Yesterday was fabulous. I went to a local bookstore, ate a salad, and relaxed.

No drama or trauma.

I believe that my refusal to repress anything whatsoever anymore has cleared the decks for days like yesterday. I am now dealing with my current feelings, which, no matter how ugly they may be, are fleeting. I feel like the past year scraped me out emotionally. I have the tools to eliminate the emotional clogs that kept me stuck. It is an emptiness I have never had.

Meditation enables me to know what I am feeling when I don’t know. I don’t do it when feeling overwhelmed because I can only handle so much at once. Having everything come up simultaneously can be re-traumatizing. I feel a clarity, or at least the option of having it, that I never had before.

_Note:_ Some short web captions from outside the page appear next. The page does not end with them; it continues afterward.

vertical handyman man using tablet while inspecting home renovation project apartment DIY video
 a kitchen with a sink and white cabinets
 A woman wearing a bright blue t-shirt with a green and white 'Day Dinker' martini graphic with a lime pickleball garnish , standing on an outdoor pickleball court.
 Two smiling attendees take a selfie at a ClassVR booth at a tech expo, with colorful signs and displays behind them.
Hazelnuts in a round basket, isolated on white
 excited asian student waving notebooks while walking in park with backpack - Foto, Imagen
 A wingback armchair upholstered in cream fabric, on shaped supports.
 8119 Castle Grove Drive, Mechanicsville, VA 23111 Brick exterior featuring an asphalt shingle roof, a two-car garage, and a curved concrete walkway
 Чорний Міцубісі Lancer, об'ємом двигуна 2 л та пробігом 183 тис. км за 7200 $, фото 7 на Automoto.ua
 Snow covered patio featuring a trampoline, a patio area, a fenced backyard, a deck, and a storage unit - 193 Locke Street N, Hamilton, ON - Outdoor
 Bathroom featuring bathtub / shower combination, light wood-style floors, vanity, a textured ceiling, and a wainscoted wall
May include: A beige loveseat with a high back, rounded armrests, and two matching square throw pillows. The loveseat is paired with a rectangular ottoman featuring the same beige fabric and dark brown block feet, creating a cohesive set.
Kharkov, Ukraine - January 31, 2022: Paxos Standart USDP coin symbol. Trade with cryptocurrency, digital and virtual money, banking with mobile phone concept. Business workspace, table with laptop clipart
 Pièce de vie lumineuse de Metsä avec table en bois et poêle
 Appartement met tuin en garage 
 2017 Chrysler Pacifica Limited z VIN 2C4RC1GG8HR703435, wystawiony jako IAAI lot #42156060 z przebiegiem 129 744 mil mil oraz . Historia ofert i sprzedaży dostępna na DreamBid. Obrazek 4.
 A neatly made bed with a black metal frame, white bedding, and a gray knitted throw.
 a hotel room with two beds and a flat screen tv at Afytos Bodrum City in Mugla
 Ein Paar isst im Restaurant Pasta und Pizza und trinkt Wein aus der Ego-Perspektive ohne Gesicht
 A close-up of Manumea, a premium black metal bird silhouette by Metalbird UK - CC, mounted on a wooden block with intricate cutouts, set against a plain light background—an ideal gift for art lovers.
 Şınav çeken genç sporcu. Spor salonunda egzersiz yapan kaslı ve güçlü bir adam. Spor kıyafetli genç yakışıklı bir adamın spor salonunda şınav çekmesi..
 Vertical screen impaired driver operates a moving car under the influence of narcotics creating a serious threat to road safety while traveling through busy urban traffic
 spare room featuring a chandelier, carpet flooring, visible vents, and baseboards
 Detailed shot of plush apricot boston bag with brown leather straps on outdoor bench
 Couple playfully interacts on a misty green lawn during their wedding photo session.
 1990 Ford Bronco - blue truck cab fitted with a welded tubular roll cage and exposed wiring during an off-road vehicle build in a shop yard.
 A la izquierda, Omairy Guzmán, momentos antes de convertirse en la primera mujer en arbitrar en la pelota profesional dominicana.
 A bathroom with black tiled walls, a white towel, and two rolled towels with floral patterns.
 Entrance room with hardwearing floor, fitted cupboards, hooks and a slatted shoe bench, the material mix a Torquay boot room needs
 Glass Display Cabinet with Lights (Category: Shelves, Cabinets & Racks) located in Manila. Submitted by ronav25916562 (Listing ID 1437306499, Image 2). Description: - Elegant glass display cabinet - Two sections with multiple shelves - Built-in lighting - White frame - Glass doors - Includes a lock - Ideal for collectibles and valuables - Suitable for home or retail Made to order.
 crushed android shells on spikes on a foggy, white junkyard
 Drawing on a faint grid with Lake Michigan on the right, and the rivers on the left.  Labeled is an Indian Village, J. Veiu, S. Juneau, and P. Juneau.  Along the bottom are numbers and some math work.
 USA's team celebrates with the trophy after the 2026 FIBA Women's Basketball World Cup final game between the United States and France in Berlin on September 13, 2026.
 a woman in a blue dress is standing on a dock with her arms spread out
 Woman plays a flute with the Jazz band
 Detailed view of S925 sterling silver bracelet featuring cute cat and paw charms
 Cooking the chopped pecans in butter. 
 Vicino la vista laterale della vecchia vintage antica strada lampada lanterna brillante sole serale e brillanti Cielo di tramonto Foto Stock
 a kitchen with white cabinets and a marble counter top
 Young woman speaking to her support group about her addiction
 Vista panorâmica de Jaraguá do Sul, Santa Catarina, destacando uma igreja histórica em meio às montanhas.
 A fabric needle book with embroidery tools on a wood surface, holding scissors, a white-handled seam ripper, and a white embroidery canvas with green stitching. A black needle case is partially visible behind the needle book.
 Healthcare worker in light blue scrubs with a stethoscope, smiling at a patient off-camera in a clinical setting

It’s been a little more than a year since going to church. I don’t miss it at all. I thought I might. But I don’t miss the emotional manipulation. Part of what was annoying as a Protestant was the blatant whipping of people into an emotional frenzy. Being Orthodox brought some relief because the church really doesn’t care what you feel. It’s not in the business of making you feel good. The only thing better than a little emotional manipulation is no manipulation. I have a deep suspicion of someone that seems to have a great stake in making sure I feel certain things while ensuring that I don’t actually stop and think about what they are saying and their motives for saying it. Whipping people up emotionally is cult-like. Period.

I can use this time of non-drama for strategizing for the new year. Things have stopped for the moment. I have been needing this time of refreshing for a long time. (Exhale.)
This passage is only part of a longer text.